From the perspective of concurrency, this scenario is different not so much in the direction of requests, but in the duration and number of tasks. Here, unlike the previous examples, the scope's owner is unbounded in its duration — it will stop only when it is interrupted. The number of subtasks is also unknown, since they are forked dynamically in response to external events.

All of the connection-handling subtasks are created within the scope, so it is easy to see their purpose in a thread dump, which will display them as children of the scope's owner. It is also easy to shut down the entire service as a unit.

Observability

We extend the new JSON thread-dump format added by JEP 444 to show StructuredTaskScope's grouping of threads into a hierarchy:

$ jcmd <pid> Thread.dump_to_file -format=json <file>

The JSON object for each scope contains an array of the threads forked in the scope, together with their stack traces. The owning thread of a scope will typically be blocked in a join method waiting for subtasks to complete; the thread dump makes it easy to see what the subtasks' threads are doing by showing the tree hierarchy imposed by structured concurrency. The JSON object for a scope also has a reference to its parent so that the structure of the program can be reconstituted from the dump.

The com.sun.management.HotSpotDiagnosticsMXBean API can also be used to generate such thread dumps, either directly or indirectly via the platform MBeanServer and a local or remote JMX tool.

Why doesn't fork(...) return a Future?

When the StructuredTaskScope API was incubating, the fork(...) method returned a Future. This provided a sense of familiarity, by making fork(...) resemble the existing ExecutorService::submit method. However, given that StructuredTaskScope is intended to be used differently from ExecutorService — in a structured way, as described above — the use of Future brought more confusion than clarity.

• The familiar use of Future involves calling its get() method, which blocks until a result is available. But in the context of StructuredTaskScope, using Future in this way is not only discouraged but is counterproductive. Structured Future objects should be queried only after join() returns, at which point they are known to be completed or cancelled, and the method that should be used is not the familiar get() but rather the newly introduced resultNow(), which never blocks.

• Some developers wondered why fork(...) did not return more capable CompletableFuture objects instead. Since the Future returned by fork(...) should only be used after it is known to have completed, CompletableFuture would have offered no benefit since its advanced features are helpful only for uncompleted futures.

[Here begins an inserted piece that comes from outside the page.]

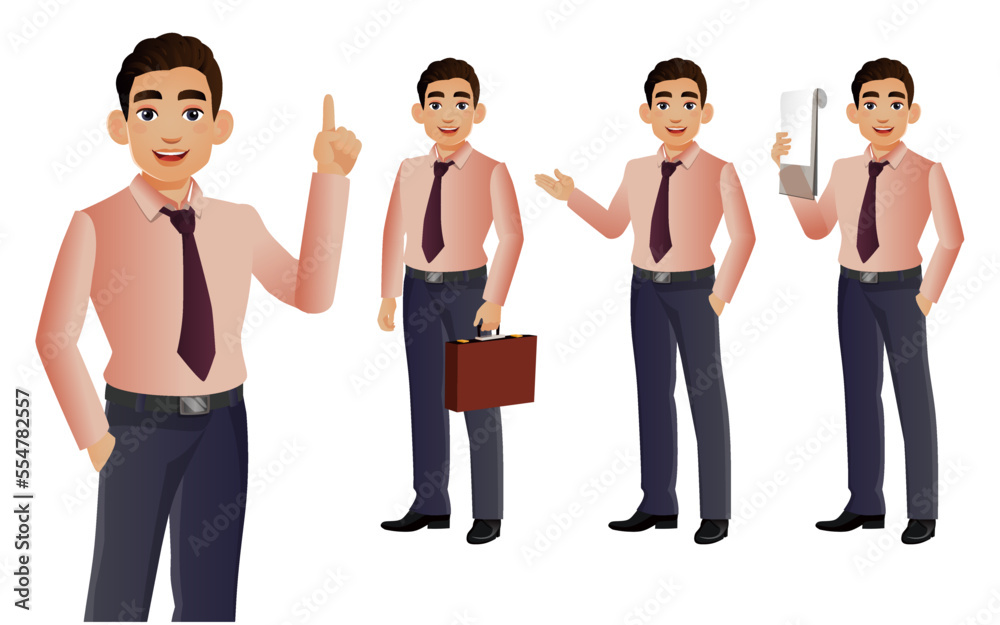 Obraz premium Elegant businessman with different poses. vector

In addition, CompletableFuture is designed for the asynchronous programming paradigm, whereas StructuredTaskScope encourages the blocking paradigm.

  Future and CompletableFuture are, in short, designed to offer degrees of freedom that are counterproductive in structured concurrency.

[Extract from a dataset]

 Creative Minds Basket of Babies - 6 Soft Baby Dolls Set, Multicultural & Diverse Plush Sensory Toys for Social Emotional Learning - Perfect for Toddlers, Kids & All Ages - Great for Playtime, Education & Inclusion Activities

• Structured concurrency is about treating multiple tasks running in different threads as a single unit of work, whereas Future is mostly useful when treating multiple tasks as individual tasks. A scope should block only once to await its subtasks' results, and it should then process exceptions centrally. In the vast majority of cases, therefore, the only method that should be called on a Future returned from fork(...) was resultNow(). This was a marked change from the ordinary use of Future, and the Future interface served as a distraction from its proper use in this context.

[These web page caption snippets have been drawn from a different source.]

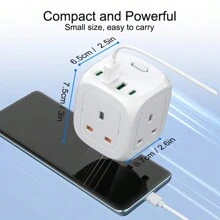 New Multifunctional Power Converter/Power Socket/Wall Socket, Equipped With 3 AC Ports, Paired With (2 USB-A) (2 TYPE-C), Multifunctional Conversion Socket/Short Circuit Protection/Suitable For Home, Office, Kitchen, Garage, And Other Scenarios. - UK Plug(220-240V) - View 3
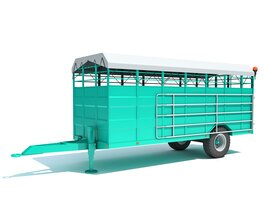Single-Axle Farm Animal Carrier Modèle 3D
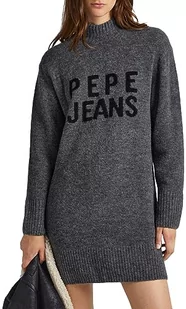 Pepe Jeans Sukienka damska Denisse, Szary (ciemnoszary Marl), XL - Sukienki - miniaturka - grafika 1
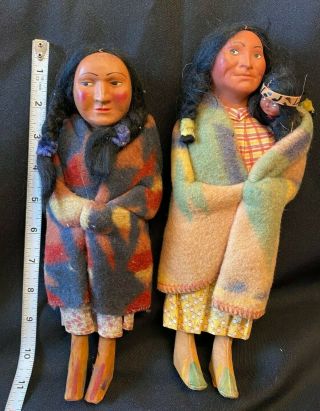 Early Skookum Indian Native American Doll 11 " W/ Papoose Blanket & 10 " Doll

In the current API, Subtask::get() behaves exactly as Future::resultNow() did when the API was incubating.

Alternatives

• Enhance the ExecutorService interface. We prototyped an implementation of this interface that always enforces structure and restricts which threads can submit tasks. However, we found it to be problematic because most uses of ExecutorService (and its parent interface Executor) in the JDK and in the ecosystem are not structured. Reusing the same API for a far more restricted concept is bound to cause confusion. For example, passing a structured ExecutorService instance to existing methods that accept this type would be all but certain to throw exceptions in most situations.